Ces deux groupes ont donc des droits spécifiques. Nous envisageons pour les anglophones un statut qui sera maintenu et amélioré si cela est possible. En ce qui touche la question autochtone, que nous réglons déjà m,ieux qu'à peu près partout ailleurs, nous essaierons de continuer à être exemplaires.

Quand vous parlez aux gens d'affaires et aux investisseurs étrangers, quels sont les messages que vous véhiculez afin de faire valoir les avantages économiques d'un Québec souverain ?

La meilleure stratégie du Québec à l'étranger dans sa cueillette des investissements, c'est la vérité et la transparence. Avec sa proximité du marché américain, ses infrastructures, ses avantages fiscaux en matière de R-D, son économie tournée vers les secteurs à valeur ajoutés et son potentiel humain, notre terre est un endroit formidable pour investir. Voilà des avantages indéniables. Nous n'avons pas à raconter d'histoires quand la vérité suffit.

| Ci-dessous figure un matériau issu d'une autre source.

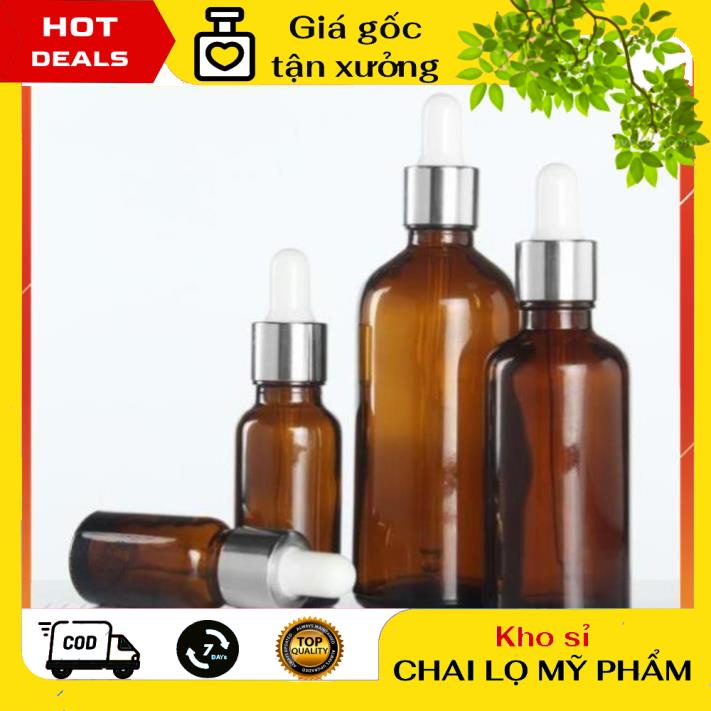 Lọ Chiết Serum ❤ GIÁ TẬN GỐC ❤ Lọ đựng tinh dầu 100ml bóp giọt Khoen Bạc / lọ chiết serum , phụ kiện du lịch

Pour compléter le tableau, parlez-nous de la dette publique. Ce facteur peut-il avoir un effet sur l'image du Québec à l'étranger et sur la démarche vers la souveraineté ?

Le Canada, dans son désordre financier, entraîne avec lui le Québec. Cela a des conséquences sur notre devise et sur le service de la dette que nous pourrons assurer dans l'avenir. Nous ne pouvons pas mentir sur ce point; c'est la réalité canadienne, donc la réalité québécoise. cependant, la réorganisation du canada en deux pays souverains nous donnera la change de régler la dette, la question constitutionnelle étant partiellement responsable de l'endettement. La faiblesse du contrôle politique crée des programmes conjoints financés par Ottawa, mais générés par les provinces. cette gabegie dépend largement du fait que notre Constitution n'est plus fonctionnelle. Si nous nous séparons, le Canada pourra se réorganiser et nous aussi.